Available protein structures:
- Pfam: structures / ECOD
- PDB: RCSB PDB; PDBe; PDBj
- PDBsum: structure summary

= CHAP domain =

In molecular biology, the CHAP domain is a region between 110 and 140 amino acids that is found in proteins from bacteria, bacteriophages, archaea and eukaryotes of the family Trypanosomidae. The domain is named after the acronym cysteine, histidine-dependent amidohydrolases/peptidases. Many of these proteins are uncharacterised, but it has been proposed that they may function mainly in peptidoglycan hydrolysis. The CHAP domain is found in a wide range of protein architectures; it is commonly associated with bacterial type SH3 domains and with several families of amidase domains. It has been suggested that CHAP domain containing proteins utilise a catalytic cysteine residue in a nucleophilic-attack mechanism.

The CHAP domain contains two invariant residues, a cysteine and a histidine. These residues form part of the putative active site of CHAP domain containing proteins. Secondary structure predictions show that the CHAP domain belongs to the alpha + beta structural class, with the N-terminal half largely containing predicted alpha helices and the C-terminal half principally composed of predicted beta strands.

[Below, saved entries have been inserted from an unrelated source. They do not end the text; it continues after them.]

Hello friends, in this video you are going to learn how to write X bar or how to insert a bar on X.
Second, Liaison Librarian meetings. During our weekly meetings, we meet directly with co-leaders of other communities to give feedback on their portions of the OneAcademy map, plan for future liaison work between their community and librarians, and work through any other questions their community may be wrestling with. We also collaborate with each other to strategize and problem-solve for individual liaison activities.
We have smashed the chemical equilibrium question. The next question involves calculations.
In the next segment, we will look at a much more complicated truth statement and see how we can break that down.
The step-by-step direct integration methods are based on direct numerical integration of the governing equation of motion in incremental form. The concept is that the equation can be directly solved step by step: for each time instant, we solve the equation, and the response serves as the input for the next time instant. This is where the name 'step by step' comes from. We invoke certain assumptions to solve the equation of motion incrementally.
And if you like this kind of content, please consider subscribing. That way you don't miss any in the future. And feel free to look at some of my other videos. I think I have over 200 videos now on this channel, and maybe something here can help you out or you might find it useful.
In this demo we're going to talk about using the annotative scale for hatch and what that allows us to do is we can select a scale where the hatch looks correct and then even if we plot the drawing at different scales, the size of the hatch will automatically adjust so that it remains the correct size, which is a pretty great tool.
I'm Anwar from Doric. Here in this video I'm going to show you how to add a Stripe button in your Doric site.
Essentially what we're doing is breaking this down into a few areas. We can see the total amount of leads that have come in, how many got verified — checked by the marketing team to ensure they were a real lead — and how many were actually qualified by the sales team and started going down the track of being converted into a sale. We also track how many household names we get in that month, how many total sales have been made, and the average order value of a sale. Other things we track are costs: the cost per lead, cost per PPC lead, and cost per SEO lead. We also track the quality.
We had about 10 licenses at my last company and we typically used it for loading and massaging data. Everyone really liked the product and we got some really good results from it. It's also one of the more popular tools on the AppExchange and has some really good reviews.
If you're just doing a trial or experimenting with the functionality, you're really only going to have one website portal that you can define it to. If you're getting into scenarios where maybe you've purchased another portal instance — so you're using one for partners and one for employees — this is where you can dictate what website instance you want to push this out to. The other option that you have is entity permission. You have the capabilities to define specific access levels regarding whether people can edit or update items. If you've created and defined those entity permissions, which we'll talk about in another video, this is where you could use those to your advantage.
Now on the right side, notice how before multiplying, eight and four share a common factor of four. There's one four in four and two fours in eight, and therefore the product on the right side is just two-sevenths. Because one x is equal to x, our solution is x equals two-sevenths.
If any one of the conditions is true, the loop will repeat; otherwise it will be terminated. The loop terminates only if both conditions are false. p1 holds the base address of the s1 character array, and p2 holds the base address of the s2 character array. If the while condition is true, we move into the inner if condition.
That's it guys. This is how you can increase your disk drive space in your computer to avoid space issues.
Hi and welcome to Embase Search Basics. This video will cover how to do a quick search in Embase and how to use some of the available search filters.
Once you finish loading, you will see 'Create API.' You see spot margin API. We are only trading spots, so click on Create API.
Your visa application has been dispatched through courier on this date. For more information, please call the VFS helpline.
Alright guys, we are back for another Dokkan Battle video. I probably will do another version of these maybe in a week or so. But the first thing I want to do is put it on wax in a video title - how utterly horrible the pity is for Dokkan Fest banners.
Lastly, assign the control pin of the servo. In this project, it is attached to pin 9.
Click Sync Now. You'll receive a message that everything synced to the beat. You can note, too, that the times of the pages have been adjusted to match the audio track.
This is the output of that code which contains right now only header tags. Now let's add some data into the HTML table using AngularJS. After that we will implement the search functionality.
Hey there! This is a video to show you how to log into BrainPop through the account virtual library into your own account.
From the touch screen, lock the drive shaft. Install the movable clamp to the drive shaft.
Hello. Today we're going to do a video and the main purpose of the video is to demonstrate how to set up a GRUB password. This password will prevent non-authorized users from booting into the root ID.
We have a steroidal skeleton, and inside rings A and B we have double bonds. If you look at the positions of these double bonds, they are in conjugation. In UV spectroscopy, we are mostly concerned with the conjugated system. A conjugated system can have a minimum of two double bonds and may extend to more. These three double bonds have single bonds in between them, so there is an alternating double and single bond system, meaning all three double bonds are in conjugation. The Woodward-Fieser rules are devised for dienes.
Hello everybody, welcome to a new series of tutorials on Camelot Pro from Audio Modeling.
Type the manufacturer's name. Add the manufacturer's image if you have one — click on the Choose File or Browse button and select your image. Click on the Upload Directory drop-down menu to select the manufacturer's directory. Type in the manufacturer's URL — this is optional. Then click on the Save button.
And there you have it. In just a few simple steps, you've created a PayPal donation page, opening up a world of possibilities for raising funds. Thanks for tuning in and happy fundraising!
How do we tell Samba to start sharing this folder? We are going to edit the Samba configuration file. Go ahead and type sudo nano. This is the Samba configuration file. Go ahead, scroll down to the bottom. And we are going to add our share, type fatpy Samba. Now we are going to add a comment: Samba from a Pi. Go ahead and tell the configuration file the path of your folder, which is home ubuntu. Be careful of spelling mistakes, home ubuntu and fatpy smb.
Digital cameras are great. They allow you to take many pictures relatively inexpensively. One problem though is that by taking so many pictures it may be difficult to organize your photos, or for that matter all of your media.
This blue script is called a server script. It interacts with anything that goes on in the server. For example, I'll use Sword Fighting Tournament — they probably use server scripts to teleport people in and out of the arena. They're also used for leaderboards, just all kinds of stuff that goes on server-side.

Some proteins known to contain a CHAP domain are listed below:

- Bacterial and trypanosomal glutathionylspermidine amidases.
- A variety of bacterial autolysins.
- A Nocardia aerocolonigenes putative esterase.
- Streptococcus pneumoniae choline-binding protein D.
- Methanosarcina mazei protein MM2478, a putative chloride channel.
- Several phage-encoded peptidoglycan hydrolases.
- Cysteine peptidases belonging to MEROPS peptidase family C51 (D-alanyl-glycyl endopeptidase, clan CA).